» **YOUR GOAL**:
Restate word for word the entries below, starting at the line with "Smiling female model winking" and ending at the line with "Barca a vela". Keep both end lines and omit the pictures.

» **Records drawn from a dataset**:
Content starts

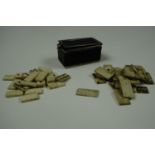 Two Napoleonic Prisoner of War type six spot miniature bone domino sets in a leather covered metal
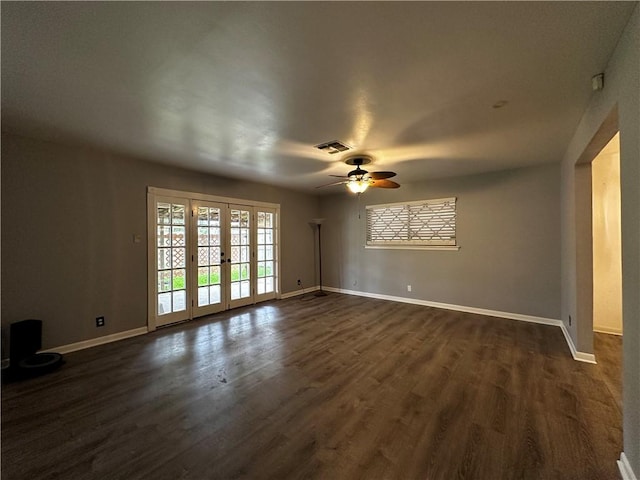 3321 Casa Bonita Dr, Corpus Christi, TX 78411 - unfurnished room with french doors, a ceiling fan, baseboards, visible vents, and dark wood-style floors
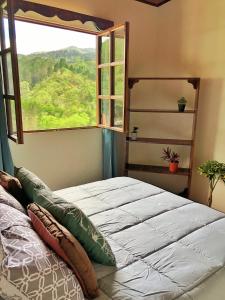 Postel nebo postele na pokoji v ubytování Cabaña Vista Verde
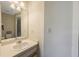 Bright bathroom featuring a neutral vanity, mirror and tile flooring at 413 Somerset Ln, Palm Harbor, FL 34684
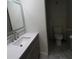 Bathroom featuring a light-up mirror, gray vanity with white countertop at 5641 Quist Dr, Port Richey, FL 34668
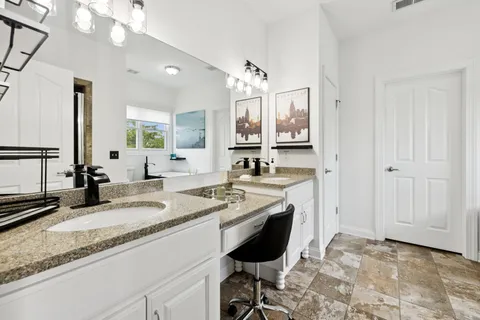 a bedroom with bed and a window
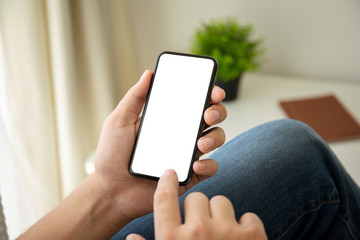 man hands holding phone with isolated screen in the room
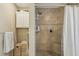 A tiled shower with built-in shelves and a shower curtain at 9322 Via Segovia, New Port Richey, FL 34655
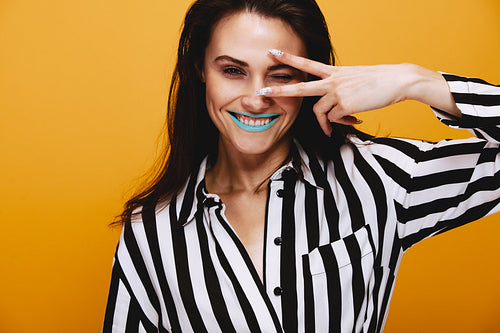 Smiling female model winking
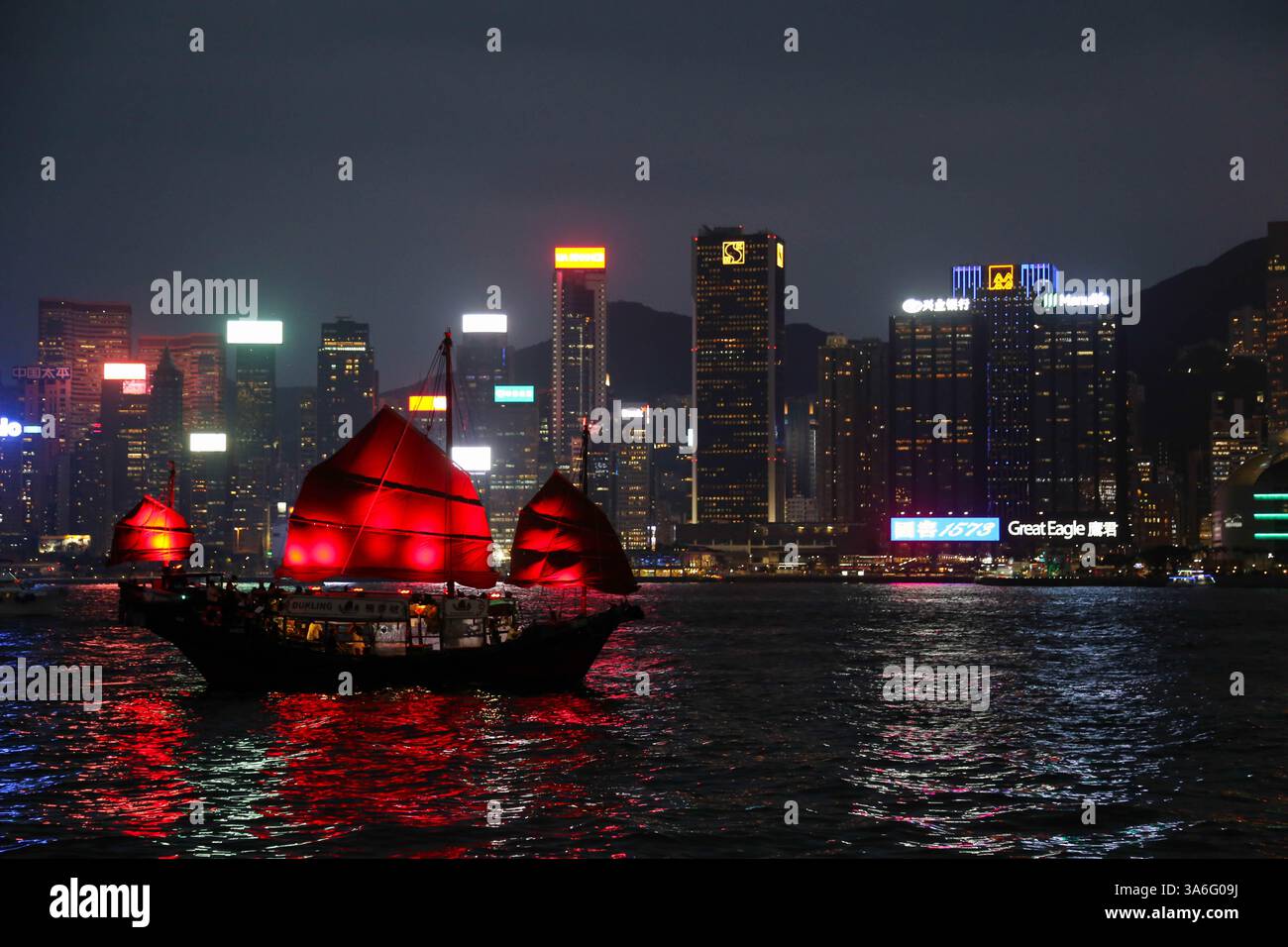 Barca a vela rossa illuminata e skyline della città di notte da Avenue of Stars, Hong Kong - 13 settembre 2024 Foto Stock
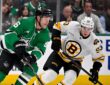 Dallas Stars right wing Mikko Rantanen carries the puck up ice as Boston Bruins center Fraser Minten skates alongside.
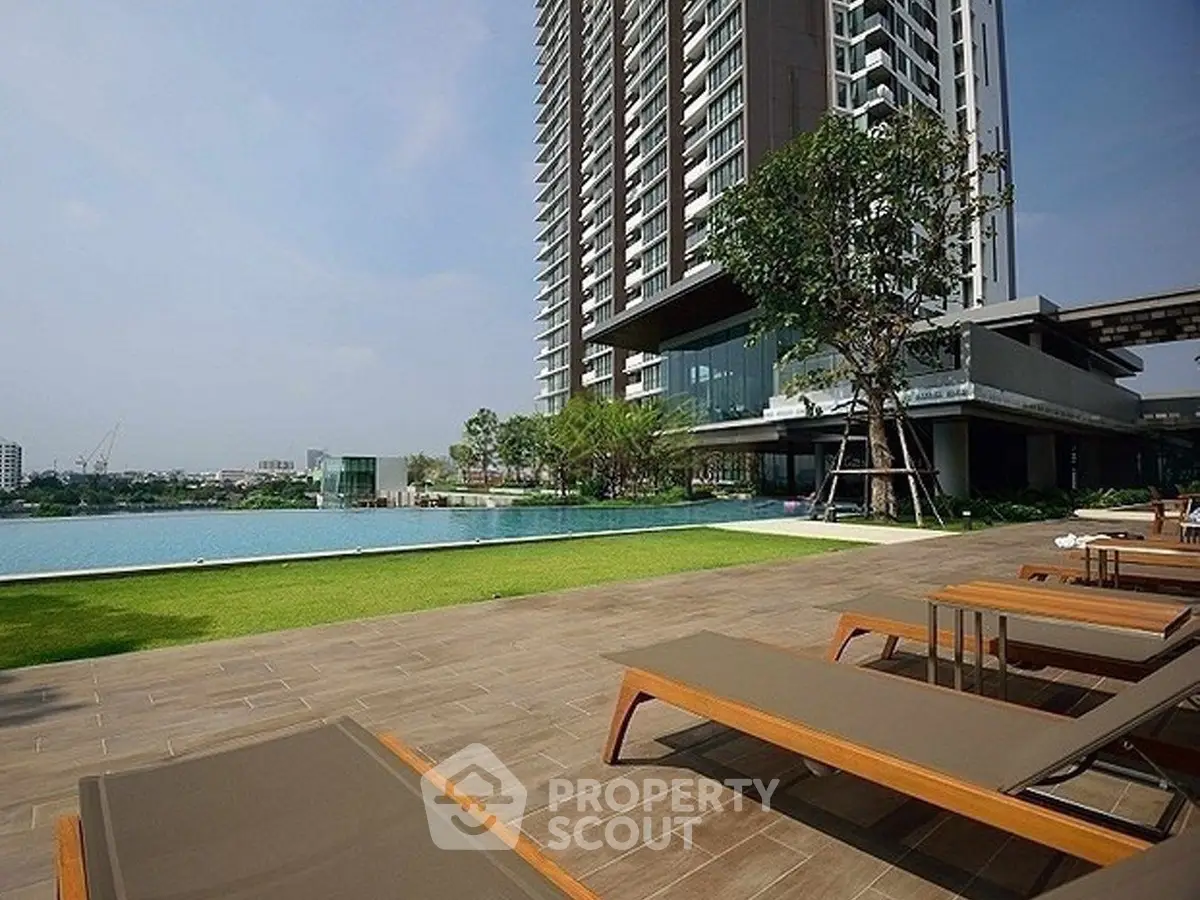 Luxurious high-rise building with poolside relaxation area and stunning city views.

Content ends

» **REPLY**:
 Smiling female model winking
 Barca a vela rossa illuminata e skyline della città di notte da Avenue of Stars, Hong Kong - 13 settembre 2024 Foto Stock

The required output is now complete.